Problem:
In the entries below, find the line with "Reversible Block-Printed Quilt, Cotton" and the line with "THIS AUCTION ONLY!". Print those two and everything between them exactly, and nothing else.

### Exercise data ###

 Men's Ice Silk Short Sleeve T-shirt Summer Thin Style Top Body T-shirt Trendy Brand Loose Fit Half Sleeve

###
### Exercise data ###

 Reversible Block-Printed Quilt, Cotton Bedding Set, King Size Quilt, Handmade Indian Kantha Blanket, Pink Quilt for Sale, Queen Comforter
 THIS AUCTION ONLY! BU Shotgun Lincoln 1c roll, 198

###
### Exercise data ###

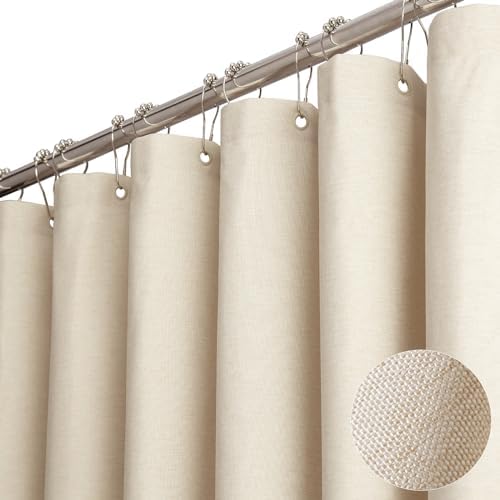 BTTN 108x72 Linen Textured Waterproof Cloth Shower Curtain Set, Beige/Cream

###

Expected answer:
 Reversible Block-Printed Quilt, Cotton Bedding Set, King Size Quilt, Handmade Indian Kantha Blanket, Pink Quilt for Sale, Queen Comforter
 THIS AUCTION ONLY! BU Shotgun Lincoln 1c roll, 198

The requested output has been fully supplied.